Wicker Park (6/10)
Copyright ©
2004 by Tony Medley
When Bjorn Borg was
king of the tennis world, it was said that you couldn’t tell if he was
winning 6-0, 6-0, or losing 6-0, 6-0, his demeanor was so stoic. Josh
Hartnett is the Bjorn Borg of acting. Tell him to emote joy, sorrow,
pain, loss, enthusiasm, despair, and any other of hundreds of emotions
and he’ll always look the same. In a tennis player, this is a great
asset. Not so in an actor.
Take a pretty good
script (Brandon Boyce, based on Gilles Mimouni’s Screenplay for L’Appartement,
1996), a pretty good Director (Paul McGuigan) and a horrible cast,
and what you get is Wicker Park. Matthew (Hartnett) is on his way
to China when he thinks he sees his old girl friend, Lisa (Diane
Kruger), who he thinks dumped him. He starts an odyssey to try to find
her and runs into Alex (Rose Byrne), all along getting encouragement
from his friend, Luke (Matthew Lillard).
McGuigan masterfully
warps time and keeps the audience guessing about what’s going on and
what time frame we’re actually in. With a good cast and a good editor,
this could have been a scary, mesmerizing movie. Unfortunately, once
Hartnett opens his squinty eyes, you have no clue what he’s feeling,
if anything, so impassive is he. Compounding Hartnett’s sang froid,
Lillard is monumentally unbelievable as his buddy who’s got a crush on
Alex. His looks are so weird, the constant smile on his face so goofy,
he doesn’t come close to portraying either a buddy or a guy with a
hopeless crush on Alex. To be fair, Kruger is just supposed to be
an ephemeral, elusive beauty, so there’s not much responsibility
placed on her shoulders.
Lost among all this
ineptitude is Rose Byrne, who creates a truly creepy character.
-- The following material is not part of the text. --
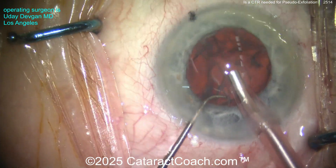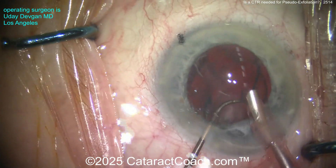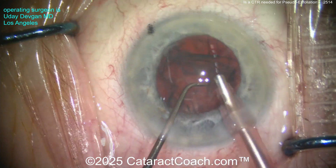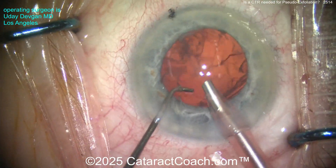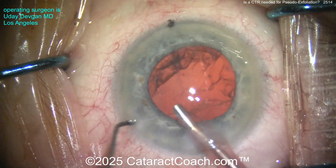The nucleus comes out very efficiently. Now getting out a little more lens material — the epinuclear shell. Can we get that flipped over with the chopper? There you go — get it flipped, and now take that epinuclear shell down. A tiny little piece here — take that out.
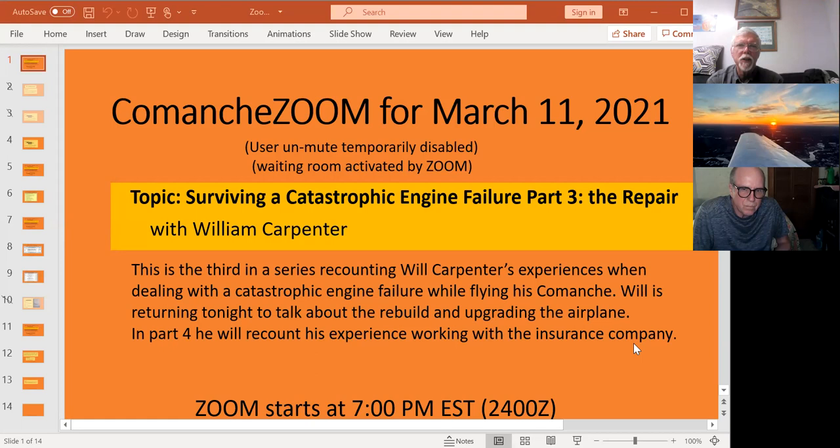Good evening, everybody. This is Pete Morse. We're doing the Comanche Zoom here for Thursday night, March 11th. Will Carpenter is coming back to do more about his engine-out that he did down in the Carolinas. This one is interesting because it goes through all the choices he made in deciding to rebuild and repair the Comanche that pretty much got destroyed when it was recovered. We're going to have some fun with this one, so hold on to your hat.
Unfortunately, her performance is lost by the incompetence of her fellow
actors.
The film actually
sweeps you along as you really can’t figure out what’s happening.
But after 90 minutes it turns from creepy to campy. At my screening
there was laughter where McGuigan and Boyce couldn’t want or expect
it. And that’s a shame because they had the thread of a good film
here. This could have made a terrific 90-minute movie. It loses its pace
and mystery as it ambles on far too long. It made me want to see the
original, L’Appartement. The French know how to do these
things. Unfortunately, I don’t think L’Appartement was ever
released in America, so we’re stuck with Wicker Park.